その後、1791年のフランス憲法に盛り込まれ、各国の憲法や刑法典に採用されることになりました。
日本国での法的根拠
日本において、罪刑法定主義は憲法第31条及び同法第39条にて明記されています。
何人も、法律の定める手続によらなければ、その生命若しくは自由を奪はれ、又はその他の刑罰を科せられない。
何人も、実行の時に適法であつた行為又は既に無罪とされた行為については、刑事上の責任を問はれない。又、同一の犯罪について、重ねて刑事上の責任を問はれない。
なお、刑法の条文には罪刑法定主義に関する規定はありませんが、これは、日本国の最高法規である憲法において罪刑法定主義が掲げられている以上、刑法においてそれを適用するのは自明の理と考えられているからと言われています。
罪刑法定主義から派生する4つの原則
慣習法の禁止
刑罰を科すには、必ず一般に公布された成文法規に根拠があることを要しており、存在が不明確な慣習法によって処罰することは許されません。
例えば、ある村では慣例として「人の物を盗んだら100叩きの刑を行う」ということが続けられていたとしても、現行法では「他人の財物を窃取した者は、窃盗の罪とし、十年以下の懲役又は五十万円以下の罰金に処する。」(刑法第235条)と定められていますから、これに違反する「100叩きの刑」はおこなってはいけないということになります。
ただし、権利・義務の実体関係(水利権など)や違法性を判断する場合には、慣習法を考慮することは差し支えありません。
類推解釈の禁止
類推解釈とは、刑罰法規を、その法規に用いられている語句の可能な意味の限界を超えて解釈し、法規に規定のない事実に対して適用することをいいます。
たとえば、現行の刑法では、第199条において「人を殺した者は、死刑又は無期若しくは五年以上の懲役に処する。」と規定されていますが、これを類推解釈し「人を殺すのも、動物を殺すのも、命を奪うことには変わりないのだから、動物を殺した人にも殺人罪を適用すべきだ!」というのが類推解釈であり、これを禁止しています。

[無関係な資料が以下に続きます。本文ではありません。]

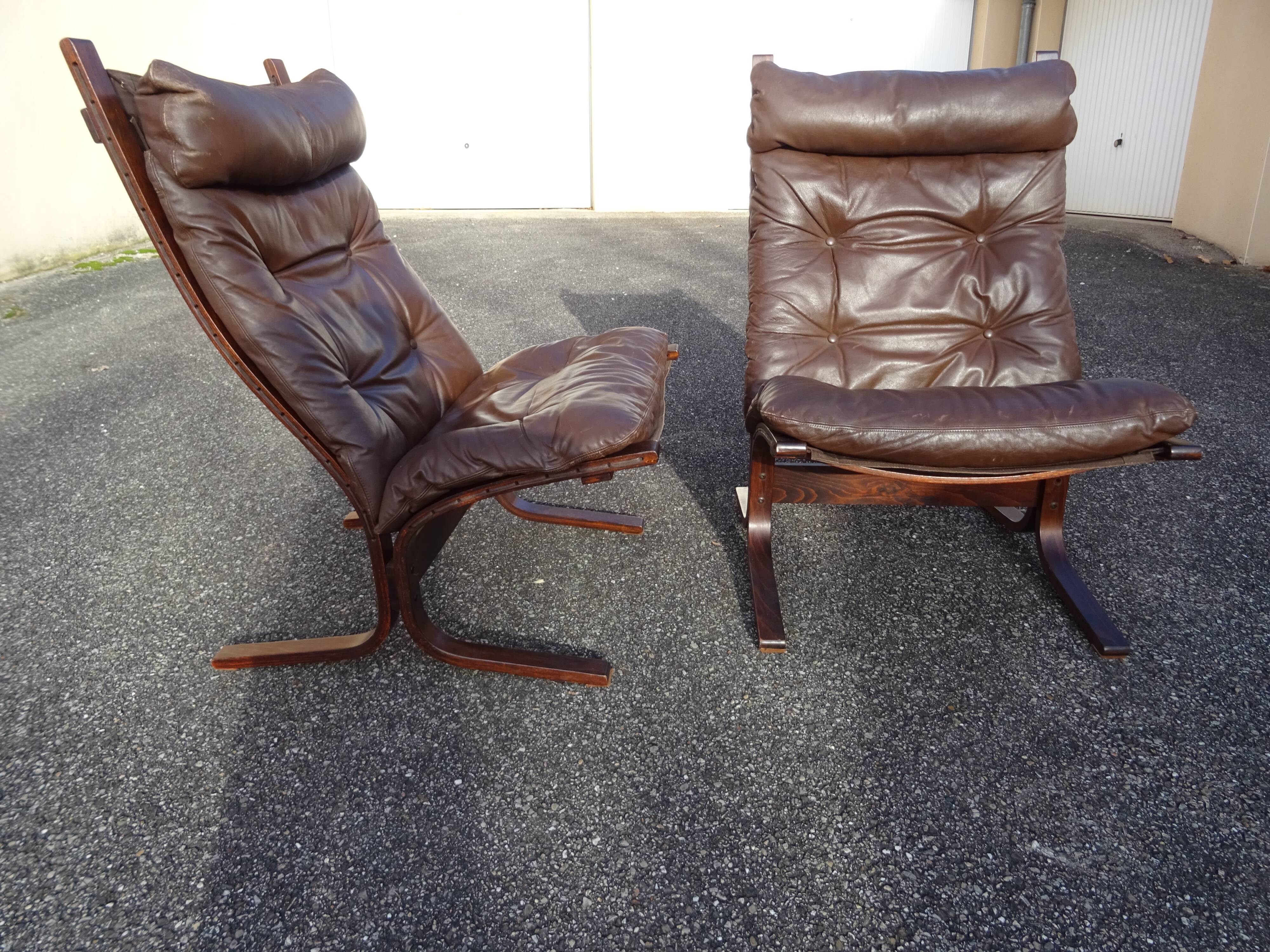 Paire de fauteuils Siesta design Scandinave Ingmar Relling Westnofa An 70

なお、法律の解釈には、文理解釈(法文の言葉の意味や文法的な面から明らかにすること)と論理解釈(法文の意味を論理的に考えて明らかにすること)があり、類推解釈というのは論理解釈の一種になります。
このほか、論理解釈には拡大解釈(法文の言葉の意味を拡張して解釈すること)、縮小解釈(法文の言葉の意昧を縮小して解釈すること)、勿論解釈(法律の言葉から、当然前提とされているはずのものも含めて解釈すること)がありますが、これらの解釈は認められています。
遡及処罰の禁止
遡及処罰の禁止とは、刑罰法規の制定以前に行われた行為に対しては、遡ってこれを処罰することができないというもので、法的安定性と個人の自由の権利の保障という見地から導き出された原則になります。
たとえば、2017年7月13日の改正刑法において、第177条の強制性交等罪では男性も被害者とすることが出来るようになりました。

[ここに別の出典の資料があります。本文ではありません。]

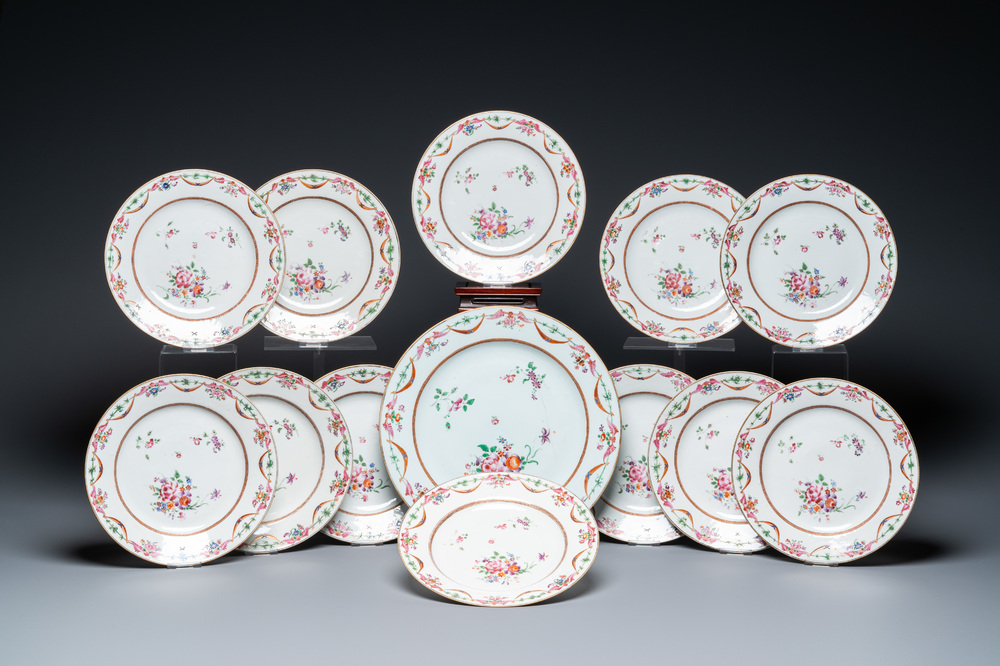 Twelve Chinese famille rose plates and a dish, Qianlong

しかし、これが適用されるのは2017年7月13日以降に発生した罪に対してであり、例えば、2017年1月12日に発生した同種事件においては、男性に対する強制性交等罪は成立しないこととなります(強制わいせつ罪は成立する余地があります)。
このように、後にできた法律を、それ以前の行為に対して適用することは禁止されていますが、下記の場合には注意が必要です。
刑法第6条に該当する場合
刑法第6条では、次のように規定されています。
犯罪後の法律によって刑の変更があったときは、その軽いものによる。
つまり、刑法第6条は、犯罪行為があった当時よりも刑が軽くなった場合のことを規定しています。
そもそも、遡及処罰が禁じられているのは、国民の予測を裏切って重く処罰するという不意打ちを加えるからです。
したがって、軽い刑罰法規を適用するのは、罪刑法定主義に反しないことから、事後法が行為時法より軽くなった場合は、軽い事後法が適用されることになります。
刑訴法の遡及適用
最近では、2010年4月27日に殺人罪等の公訴時効が廃止になり、また、2017年7月13日には強制性交等罪が非親告罪化したことでそれ以前の強姦罪についても非親告罪とすることとなりました。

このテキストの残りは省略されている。